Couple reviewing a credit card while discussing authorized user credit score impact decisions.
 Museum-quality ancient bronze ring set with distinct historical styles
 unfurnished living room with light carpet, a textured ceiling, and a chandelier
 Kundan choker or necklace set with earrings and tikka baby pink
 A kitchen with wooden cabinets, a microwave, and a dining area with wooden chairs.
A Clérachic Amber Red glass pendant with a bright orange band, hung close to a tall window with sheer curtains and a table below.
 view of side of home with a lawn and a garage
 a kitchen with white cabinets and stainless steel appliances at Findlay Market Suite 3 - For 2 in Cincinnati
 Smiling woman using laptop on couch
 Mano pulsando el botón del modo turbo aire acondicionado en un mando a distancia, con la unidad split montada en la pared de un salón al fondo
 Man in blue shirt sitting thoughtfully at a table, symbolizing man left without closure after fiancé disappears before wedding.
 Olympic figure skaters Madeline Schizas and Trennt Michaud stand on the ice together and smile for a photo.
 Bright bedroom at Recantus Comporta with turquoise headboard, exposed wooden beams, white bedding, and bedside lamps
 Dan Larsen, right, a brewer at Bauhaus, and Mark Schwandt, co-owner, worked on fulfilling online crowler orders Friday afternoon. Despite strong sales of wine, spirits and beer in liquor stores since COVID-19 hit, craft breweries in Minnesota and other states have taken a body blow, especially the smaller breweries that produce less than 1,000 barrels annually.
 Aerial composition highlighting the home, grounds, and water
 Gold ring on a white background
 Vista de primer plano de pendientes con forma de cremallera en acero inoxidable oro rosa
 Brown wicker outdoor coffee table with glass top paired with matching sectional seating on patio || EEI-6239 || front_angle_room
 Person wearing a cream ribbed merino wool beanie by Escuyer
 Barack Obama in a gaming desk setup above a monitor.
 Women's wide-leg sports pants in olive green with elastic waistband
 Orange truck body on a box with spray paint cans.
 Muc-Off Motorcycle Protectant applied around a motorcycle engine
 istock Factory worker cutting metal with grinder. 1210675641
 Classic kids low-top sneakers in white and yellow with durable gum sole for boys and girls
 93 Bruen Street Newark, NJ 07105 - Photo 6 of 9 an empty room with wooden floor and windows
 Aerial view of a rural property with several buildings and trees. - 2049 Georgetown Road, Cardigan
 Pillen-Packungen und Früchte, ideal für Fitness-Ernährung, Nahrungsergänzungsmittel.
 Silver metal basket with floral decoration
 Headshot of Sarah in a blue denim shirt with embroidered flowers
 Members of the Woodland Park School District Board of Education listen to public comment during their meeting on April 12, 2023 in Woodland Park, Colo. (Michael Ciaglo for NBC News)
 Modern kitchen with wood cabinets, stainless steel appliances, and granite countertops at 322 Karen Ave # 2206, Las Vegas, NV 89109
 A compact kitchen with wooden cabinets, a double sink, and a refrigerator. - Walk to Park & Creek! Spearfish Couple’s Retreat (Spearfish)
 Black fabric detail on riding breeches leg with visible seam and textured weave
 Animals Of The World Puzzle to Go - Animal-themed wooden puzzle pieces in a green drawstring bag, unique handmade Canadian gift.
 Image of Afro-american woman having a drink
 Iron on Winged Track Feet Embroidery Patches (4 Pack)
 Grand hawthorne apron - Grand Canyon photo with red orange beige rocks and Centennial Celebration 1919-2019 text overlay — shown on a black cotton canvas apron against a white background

+ + + + +

- [Work request]: What you give back should be the lines from the one with "Vista de primer" to the end of the data, copied exactly, both ends included.

- [Answer box]:
 Vista de primer plano de pendientes con forma de cremallera en acero inoxidable oro rosa
 Brown wicker outdoor coffee table with glass top paired with matching sectional seating on patio || EEI-6239 || front_angle_room
 Person wearing a cream ribbed merino wool beanie by Escuyer
 Barack Obama in a gaming desk setup above a monitor.
 Women's wide-leg sports pants in olive green with elastic waistband
 Orange truck body on a box with spray paint cans.
 Muc-Off Motorcycle Protectant applied around a motorcycle engine
 istock Factory worker cutting metal with grinder. 1210675641
 Classic kids low-top sneakers in white and yellow with durable gum sole for boys and girls
 93 Bruen Street Newark, NJ 07105 - Photo 6 of 9 an empty room with wooden floor and windows
 Aerial view of a rural property with several buildings and trees. - 2049 Georgetown Road, Cardigan
 Pillen-Packungen und Früchte, ideal für Fitness-Ernährung, Nahrungsergänzungsmittel.
 Silver metal basket with floral decoration
 Headshot of Sarah in a blue denim shirt with embroidered flowers
 Members of the Woodland Park School District Board of Education listen to public comment during their meeting on April 12, 2023 in Woodland Park, Colo. (Michael Ciaglo for NBC News)
 Modern kitchen with wood cabinets, stainless steel appliances, and granite countertops at 322 Karen Ave # 2206, Las Vegas, NV 89109
 A compact kitchen with wooden cabinets, a double sink, and a refrigerator. - Walk to Park & Creek! Spearfish Couple’s Retreat (Spearfish)
 Black fabric detail on riding breeches leg with visible seam and textured weave
 Animals Of The World Puzzle to Go - Animal-themed wooden puzzle pieces in a green drawstring bag, unique handmade Canadian gift.
 Image of Afro-american woman having a drink
 Iron on Winged Track Feet Embroidery Patches (4 Pack)
 Grand hawthorne apron - Grand Canyon photo with red orange beige rocks and Centennial Celebration 1919-2019 text overlay — shown on a black cotton canvas apron against a white background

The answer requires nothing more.